[Start of section]

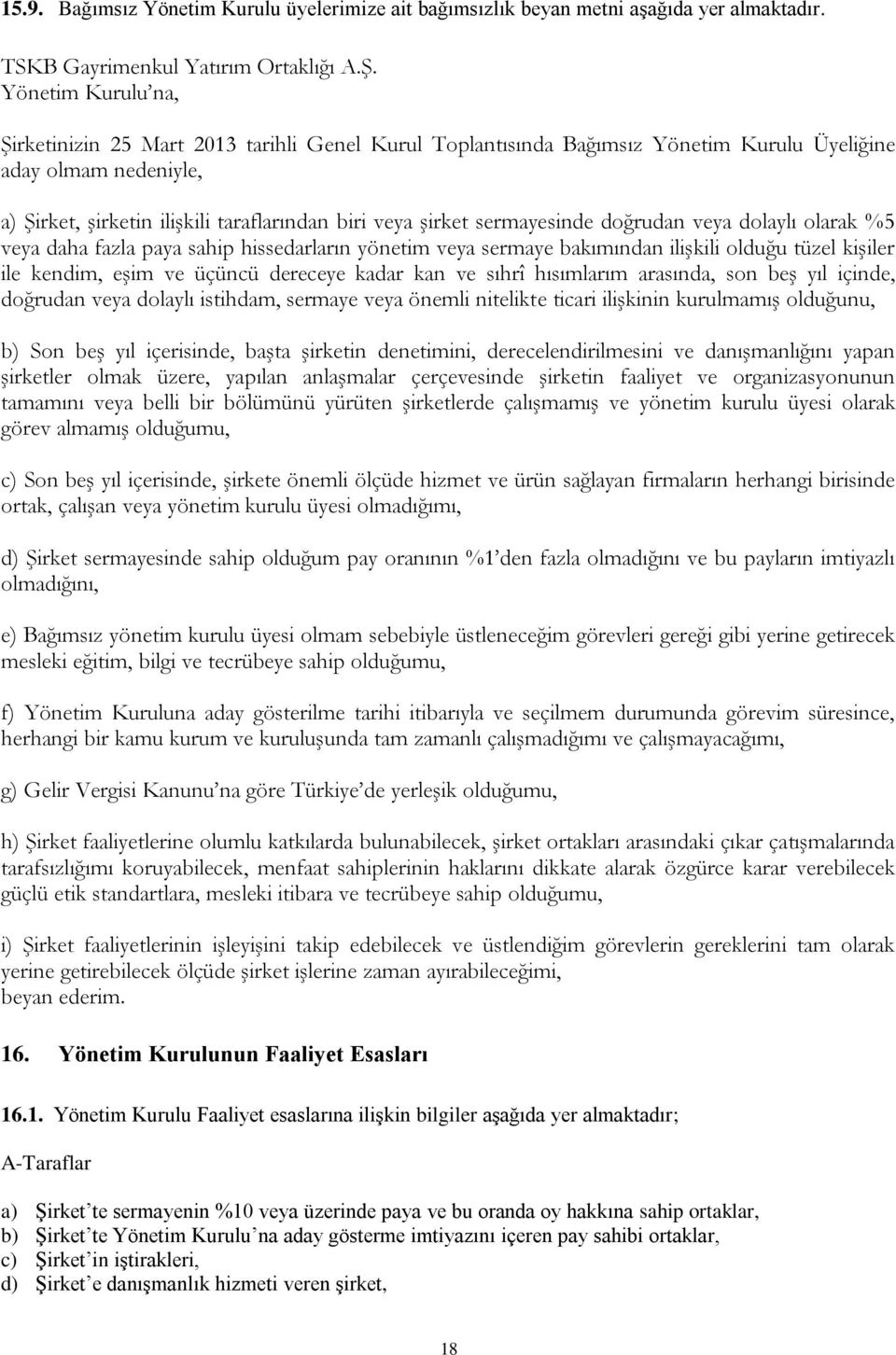 sermayesinde doğrudan veya dolaylı olarak %5 veya daha fazla paya sahip hissedarların yönetim veya sermaye bakımından ilişkili olduğu tüzel kişiler ile kendim, eşim ve üçüncü dereceye kadar kan ve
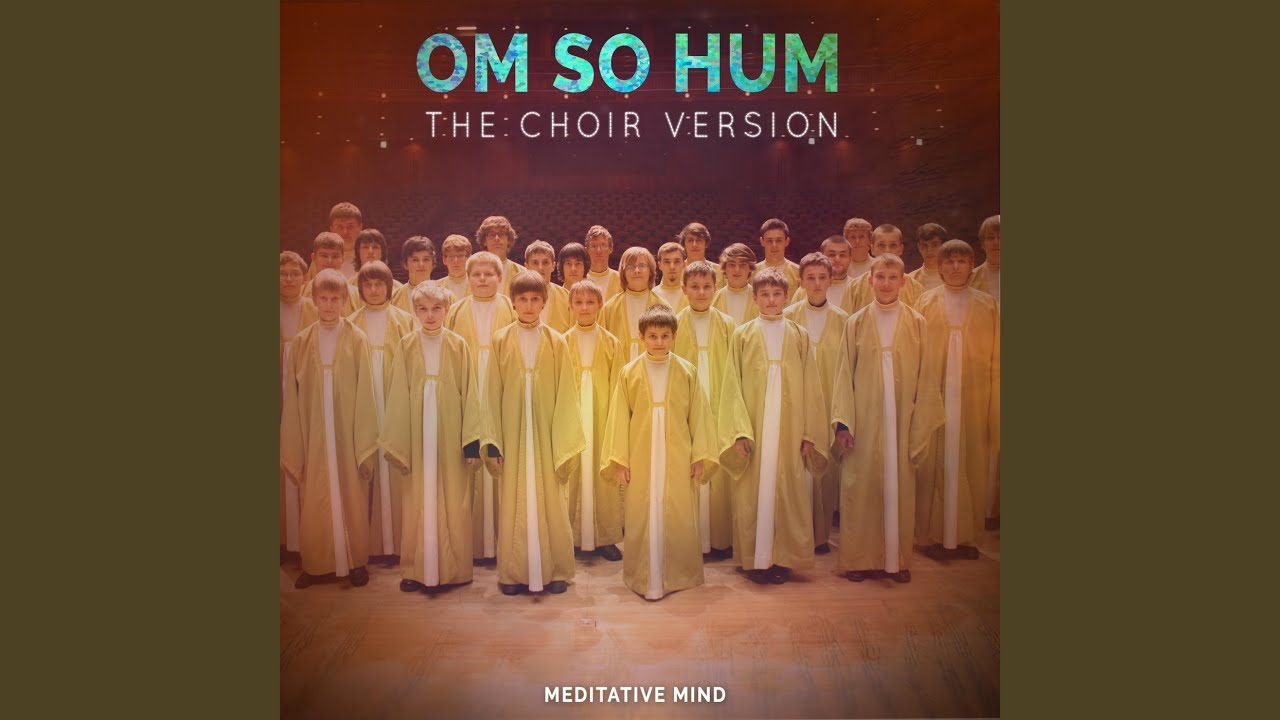 Om So Hum (The Choir Version)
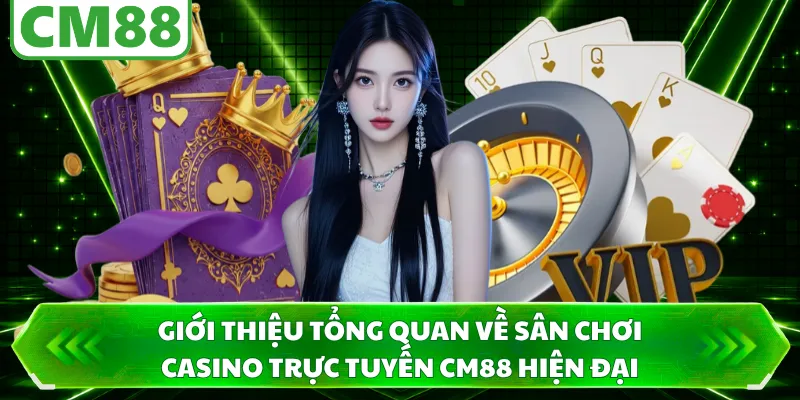 Giới thiệu tổng quan về sân chơi casino trực tuyến CM88 hiện đại 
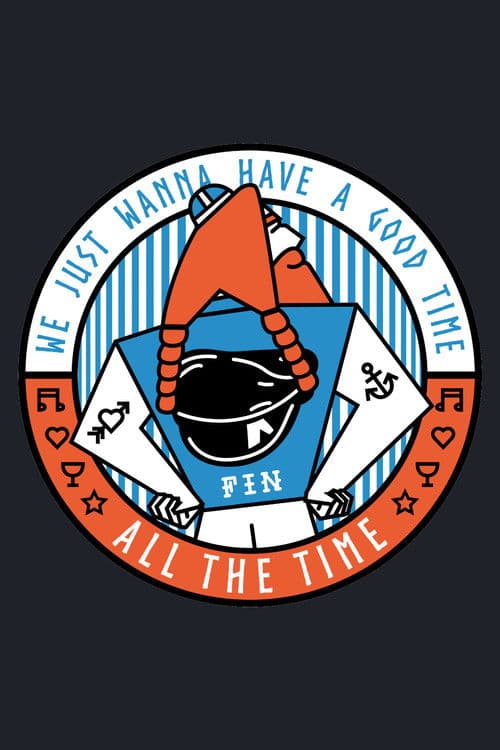 Poster for We Just Wanna Have a Good Time All the Time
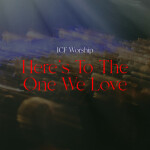 Here's to the One We Love, album by ICF Worship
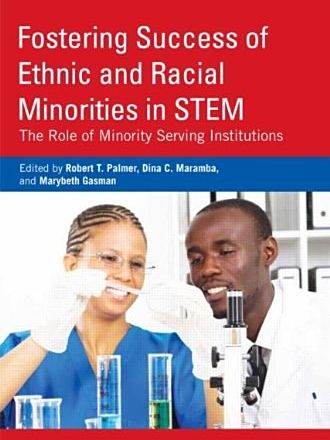 Fostering Success of Ethnic and Racial Minorities in STEM Fostering Success of Ethnic and Racial Minorities in STEM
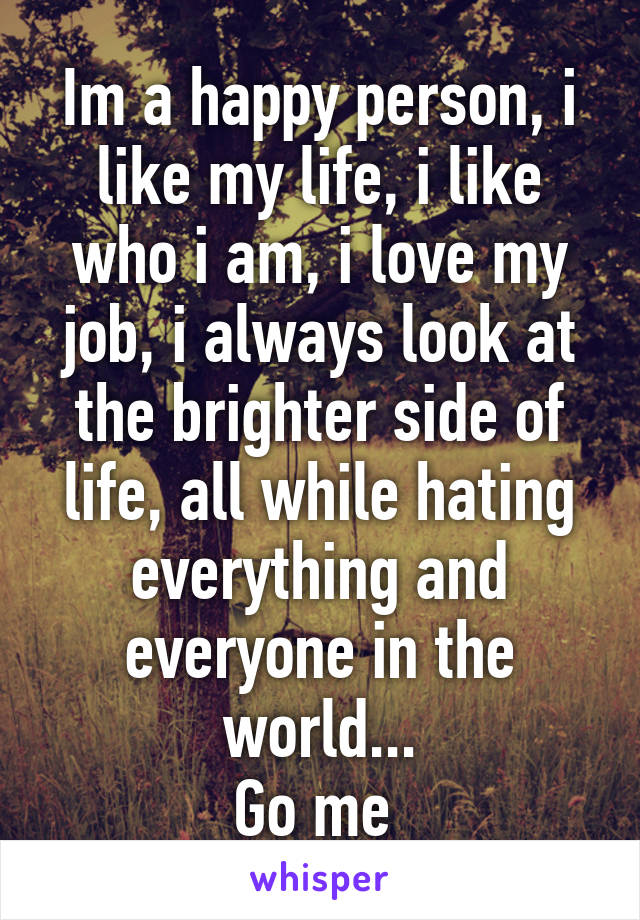 Im a happy person, i like my life, i like who i am, i love my job, i always look at the brighter side of life, all while hating everything and everyone in the world...
Go me 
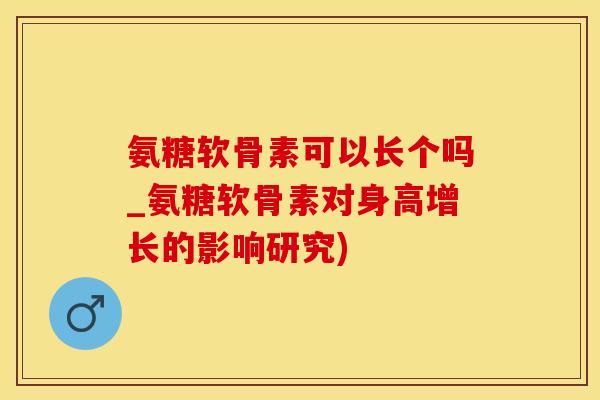 氨糖软骨素可以长个吗_氨糖软骨素对身高增长的影响研究)
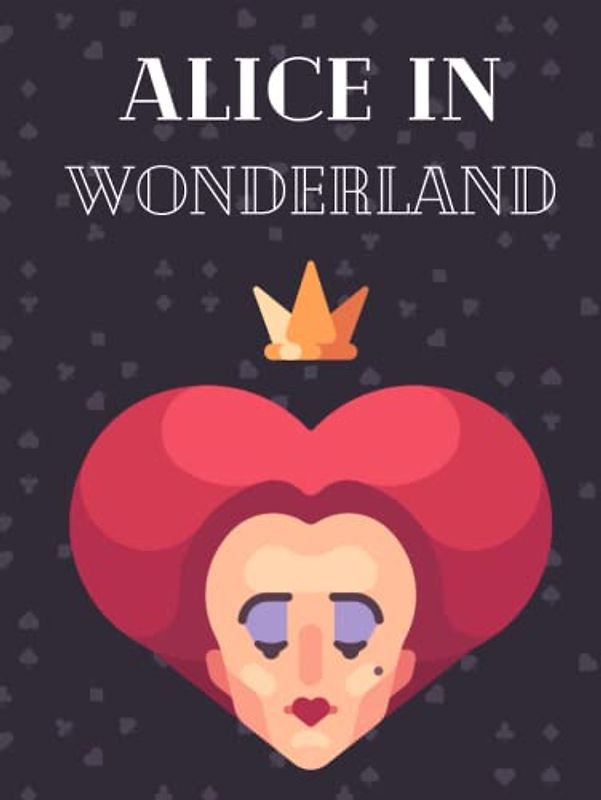 Alice In Wonderland: Hardcover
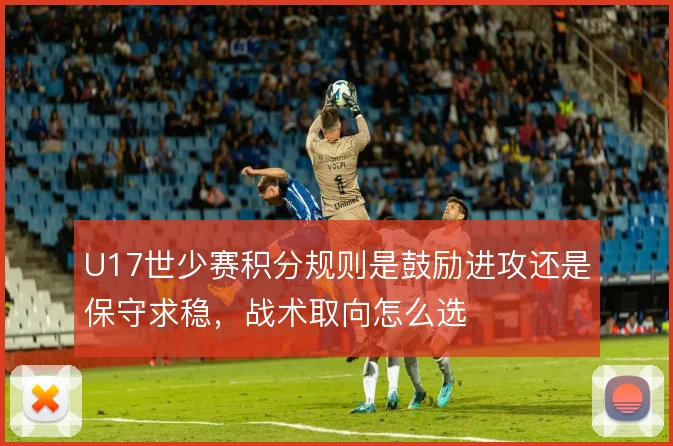 U17世少赛积分规则是鼓励进攻还是保守求稳,战术取向怎么选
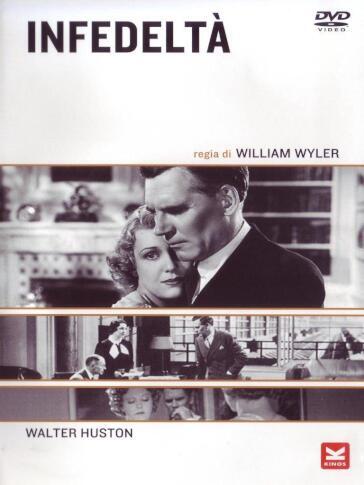 Infedelta' - William Wyler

[End of section]

TASK GOAL: Since the pictures are not wanted, transcribe the rest of the listing above exactly.

RESPONSE TO THE EXERCISE:
 sermayesinde doğrudan veya dolaylı olarak %5 veya daha fazla paya sahip hissedarların yönetim veya sermaye bakımından ilişkili olduğu tüzel kişiler ile kendim, eşim ve üçüncü dereceye kadar kan ve
 Om So Hum (The Choir Version)
 Giới thiệu tổng quan về sân chơi casino trực tuyến CM88 hiện đại 
 Poster for We Just Wanna Have a Good Time All the Time
 Here's to the One We Love, album by ICF Worship
 Fostering Success of Ethnic and Racial Minorities in STEM Fostering Success of Ethnic and Racial Minorities in STEM
 Im a happy person, i like my life, i like who i am, i love my job, i always look at the brighter side of life, all while hating everything and everyone in the world...
Go me 
 氨糖软骨素可以长个吗_氨糖软骨素对身高增长的影响研究)
 Alice In Wonderland: Hardcover
 U17世少赛积分规则是鼓励进攻还是保守求稳,战术取向怎么选
 Infedelta' - William Wyler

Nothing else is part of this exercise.